**Information**.
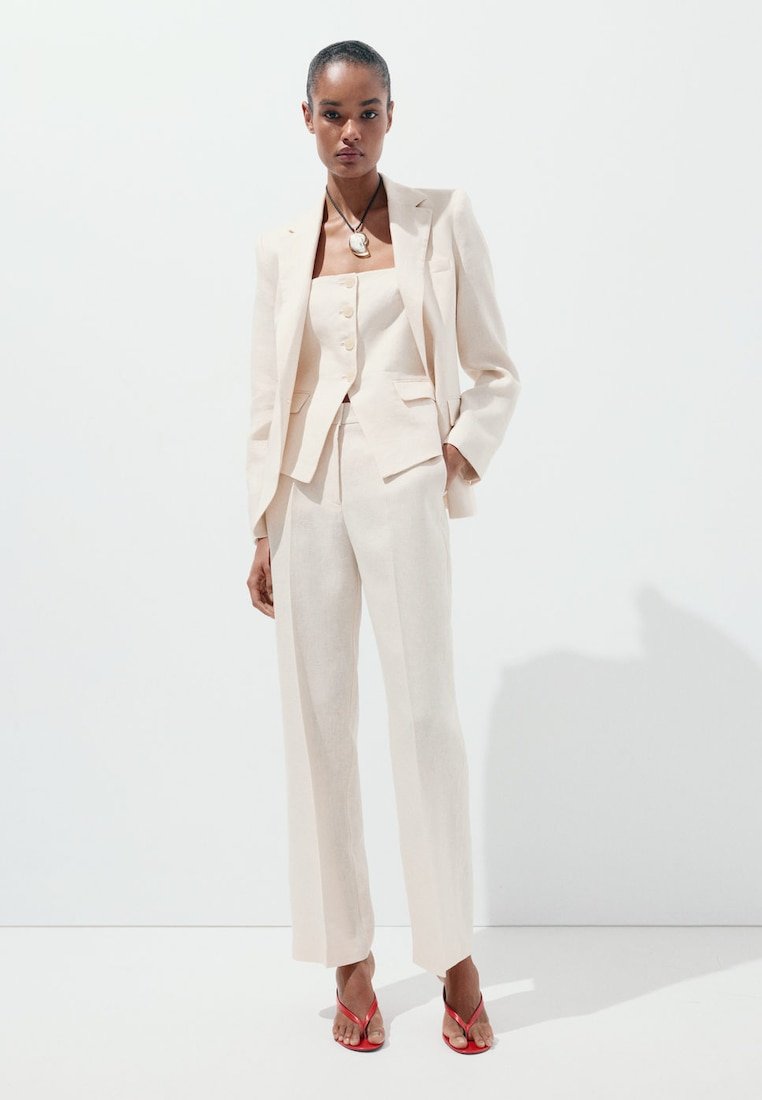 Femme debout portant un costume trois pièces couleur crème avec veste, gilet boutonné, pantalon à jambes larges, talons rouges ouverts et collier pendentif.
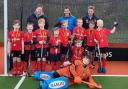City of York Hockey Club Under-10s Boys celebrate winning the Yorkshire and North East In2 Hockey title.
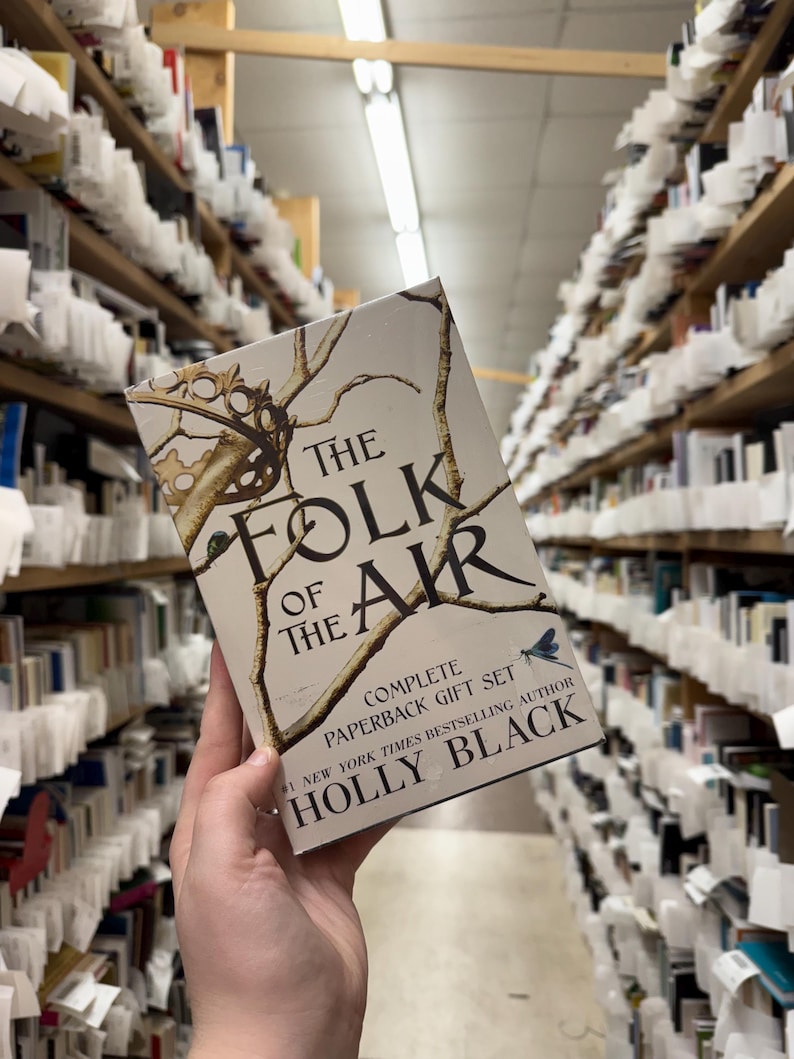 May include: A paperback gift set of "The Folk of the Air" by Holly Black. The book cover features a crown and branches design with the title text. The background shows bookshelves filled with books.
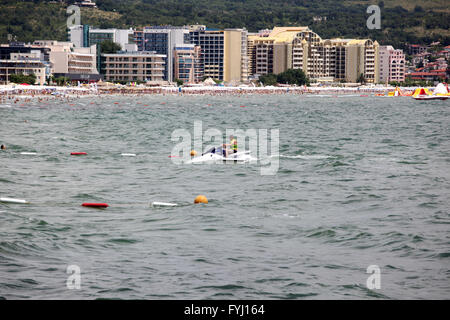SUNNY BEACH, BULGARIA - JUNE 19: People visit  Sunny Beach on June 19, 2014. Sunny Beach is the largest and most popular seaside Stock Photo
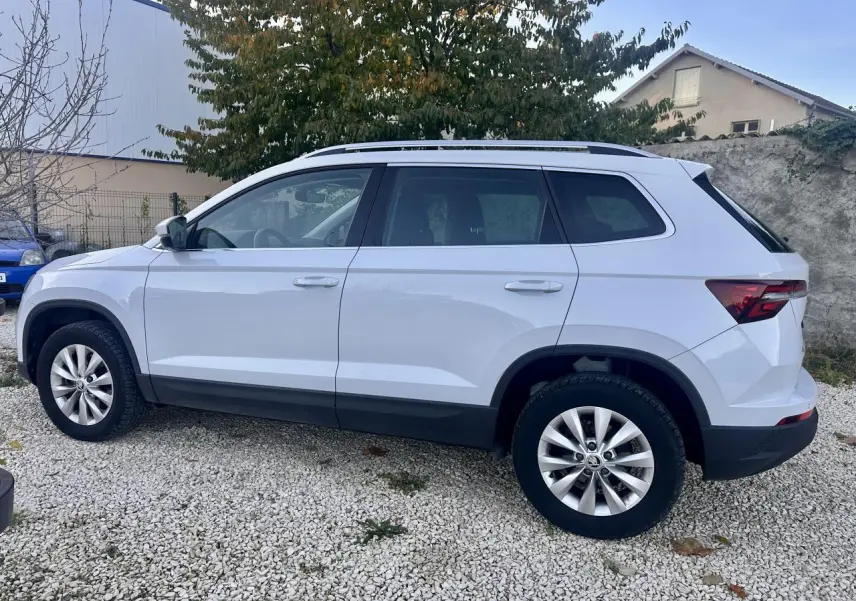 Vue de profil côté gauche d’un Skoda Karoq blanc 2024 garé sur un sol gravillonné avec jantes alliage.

---

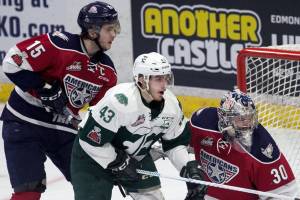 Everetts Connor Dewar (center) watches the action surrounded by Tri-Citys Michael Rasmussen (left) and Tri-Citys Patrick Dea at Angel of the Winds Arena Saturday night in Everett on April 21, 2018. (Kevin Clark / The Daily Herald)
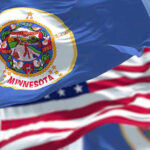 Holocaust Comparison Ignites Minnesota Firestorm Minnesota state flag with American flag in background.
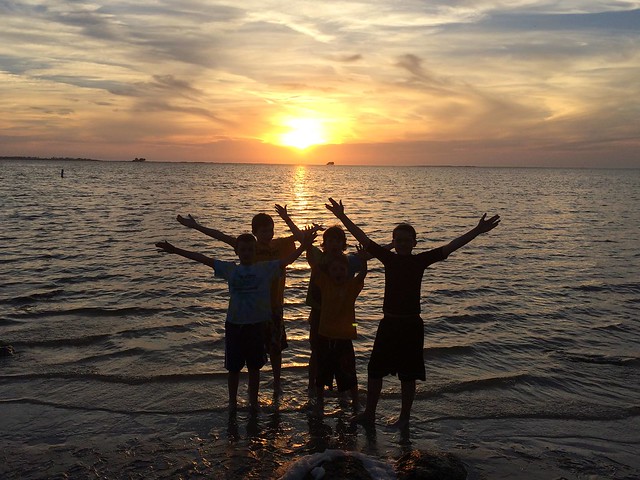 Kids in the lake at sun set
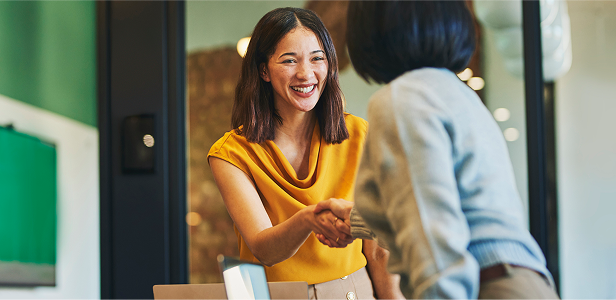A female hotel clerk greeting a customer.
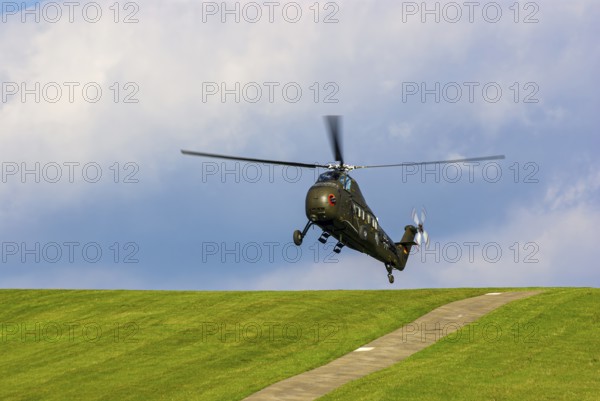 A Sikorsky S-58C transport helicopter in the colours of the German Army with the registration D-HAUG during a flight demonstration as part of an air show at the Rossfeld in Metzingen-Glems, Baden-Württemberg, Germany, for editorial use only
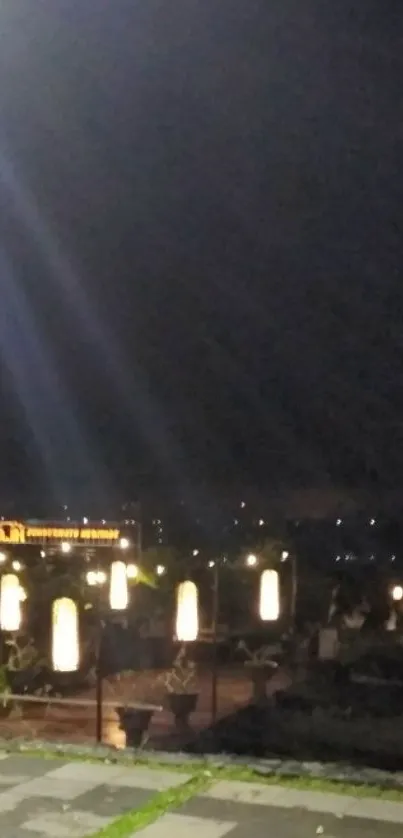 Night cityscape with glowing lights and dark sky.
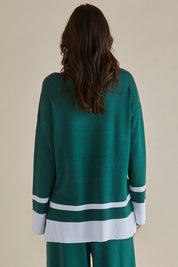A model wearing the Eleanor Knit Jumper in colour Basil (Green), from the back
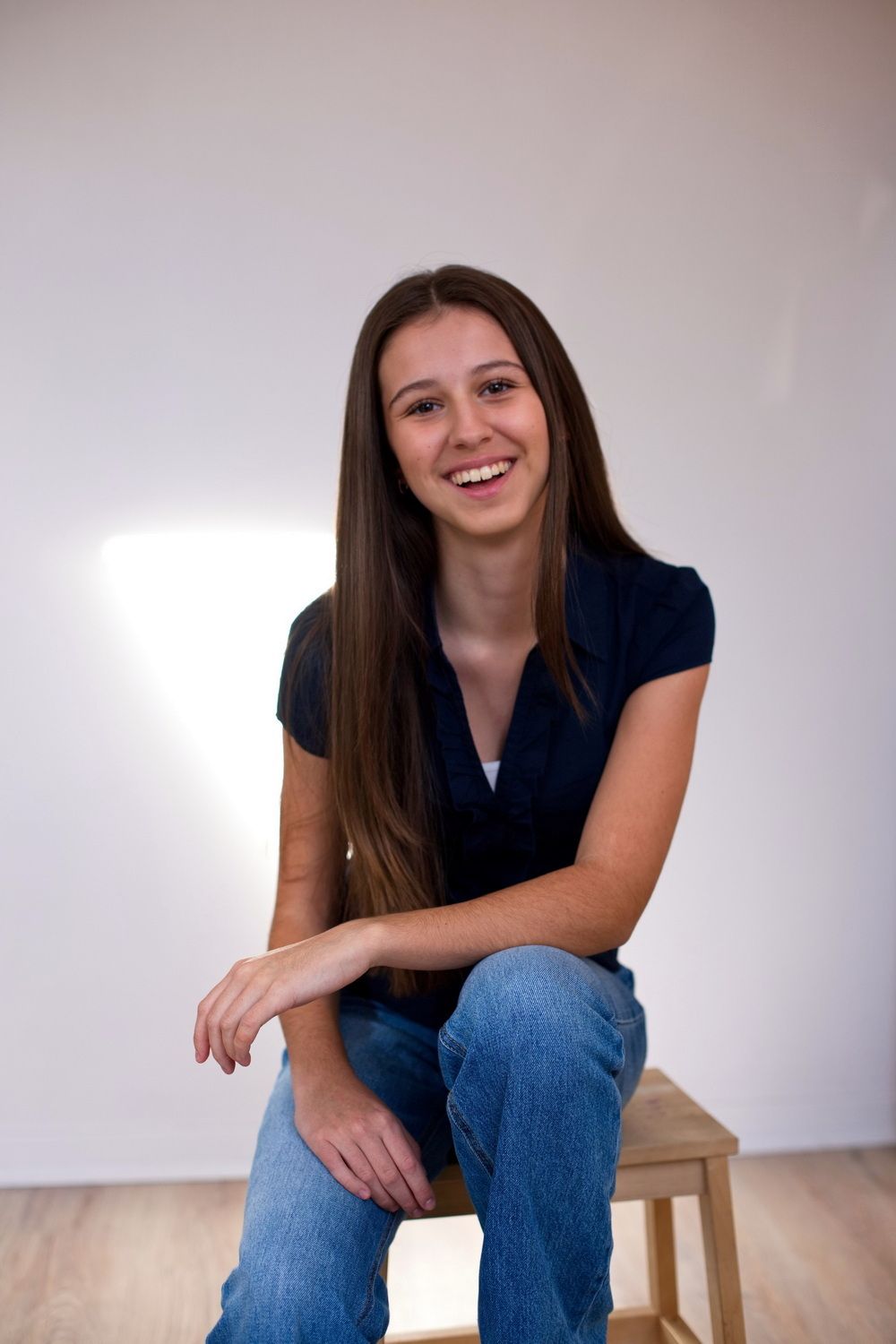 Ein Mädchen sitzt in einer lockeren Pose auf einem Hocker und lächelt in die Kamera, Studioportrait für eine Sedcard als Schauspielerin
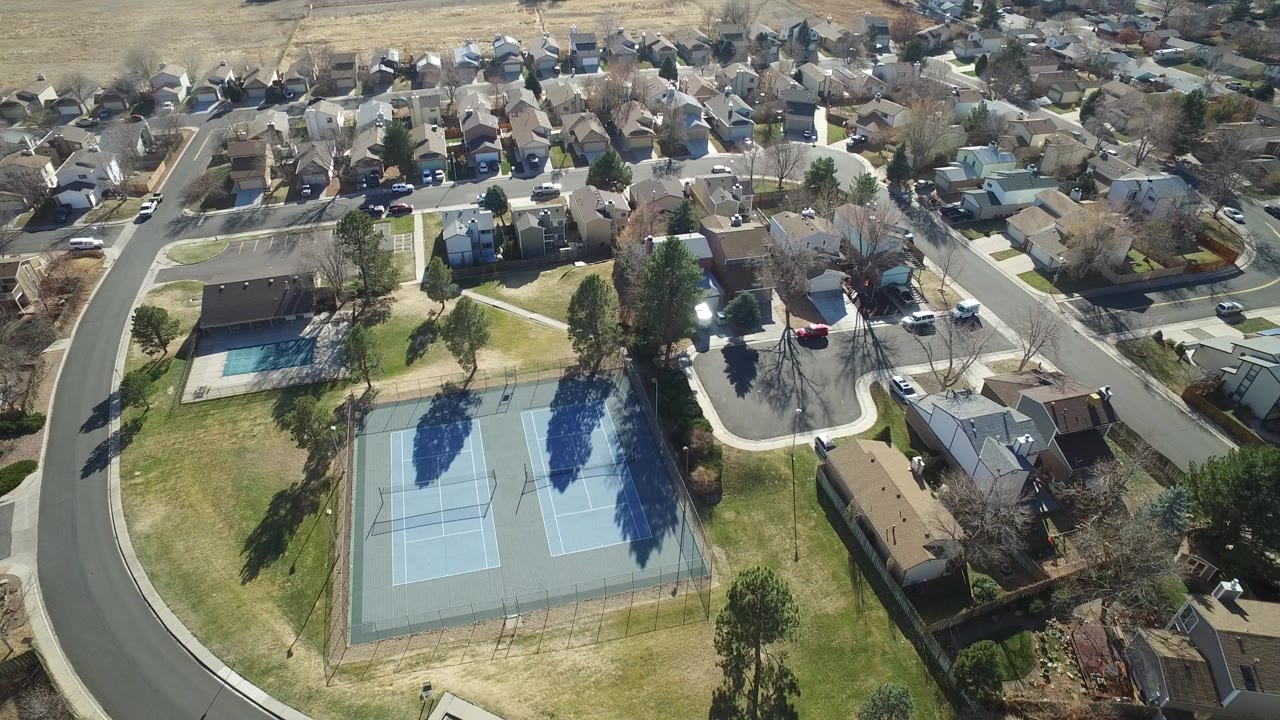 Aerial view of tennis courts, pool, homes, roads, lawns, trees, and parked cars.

**Activity**. Output exactly the lines above that lie between the line with "City of York" and the line with "Vue de profil", those two lines included, and no pictures.

**Exercise answer**.
City of York Hockey Club Under-10s Boys celebrate winning the Yorkshire and North East In2 Hockey title.
 May include: A paperback gift set of "The Folk of the Air" by Holly Black. The book cover features a crown and branches design with the title text. The background shows bookshelves filled with books.
SUNNY BEACH, BULGARIA - JUNE 19: People visit  Sunny Beach on June 19, 2014. Sunny Beach is the largest and most popular seaside Stock Photo
 Vue de profil côté gauche d’un Skoda Karoq blanc 2024 garé sur un sol gravillonné avec jantes alliage.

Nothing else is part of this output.